2 July, 2025
france-demands-tesla-compliance-over-deceptive-practices

PARIS – French authorities have issued a stern warning to Tesla, accusing the automaker of deceptive business practices and mandating compliance within four months to avoid significant daily fines.

Immediate Impact

The French Ministry of the Economy has concluded an investigation into Tesla, revealing several violations related to consumer protection laws. The Directorate-General for Competition, Consumer Affairs and Fraud Prevention (DGCCRF) found the company guilty of misleading customers on various fronts, particularly concerning its Full Self-Driving (FSD) capabilities.

Key Details Emerge

The investigation, which began in response to consumer complaints filed through France’s SignalConso service, highlighted several issues with Tesla’s business practices. The DGCCRF identified incomplete sales contracts, misleading information about vehicle capabilities, and failures in refunding deposits promptly.

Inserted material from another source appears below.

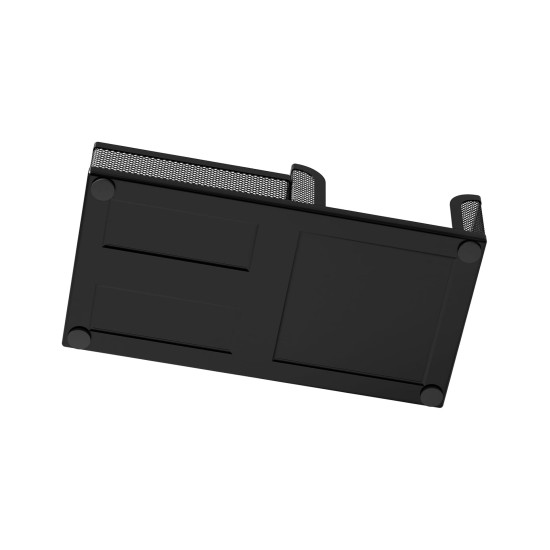 EasyPAG Desktop Organizer - Sturdy Black Metal Mesh, Minimalist Style - Perfect for Office and Students. EasyPAG Desktop Organizer - Sturdy Black Metal Mesh, Minimalist Style - Perfect for Office and Students.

  • Sales contracts lacking delivery dates, deadlines, and credit payment terms
  • Pre-withdrawal period payments for credit-financed purchases
  • Invalid receipts for partial cash payments
  • Misleading claims about Tesla’s FSD capabilities and trade-in offers
  • Delayed refunds for withdrawn orders
  • Insufficient delivery method information

Industry Response

The announcement comes as Tesla faces increased scrutiny over its marketing and delivery practices. Industry experts note that the French ruling reflects ongoing concerns about Tesla’s approach to customer transactions and product representations.

By the Numbers

50,000 Euros: Daily fine for non-compliance

7,500 Euros: Cost of FSD in France

$19.3 billion: Tesla’s Q1 2023 revenue

Background Context

This development builds on longstanding issues with Tesla’s FSD software, which has been marketed as a step towards autonomous driving but remains a Level 2 driver assist system. Despite promises of full autonomy, the software requires driver oversight and is not yet operational in France.

Expert Analysis

According to automotive industry analysts, Tesla’s marketing strategies have often pushed the boundaries of consumer expectations. The company’s promises about FSD’s potential value have led to consumer dissatisfaction, especially as the software’s capabilities lag behind its advertised promises.

Regional Implications

Meanwhile, Tesla faces a separate lawsuit from French owners seeking to terminate leases due to negative associations linked to CEO Elon Musk’s political statements. The timing is particularly significant as Tesla’s sales in France decline, potentially impacting the company’s profitability in the region.

Timeline of Events

2023: Investigation initiated by French authorities

October 2023: Conclusion of the investigation

Four-month deadline: Compliance period set by French Ministry

What Comes Next

France’s ultimatum to Tesla represents a significant shift from previous regulatory approaches. The substantial fines underscore the seriousness of the allegations and the potential financial impact on Tesla’s operations in Europe. As the compliance deadline approaches, the automaker must address these issues to avoid further penalties.

The move represents a significant shift from the leniency often seen in other markets, signaling France’s commitment to enforcing consumer protection laws. As the situation unfolds, Tesla’s response will be closely watched by industry stakeholders and consumers alike.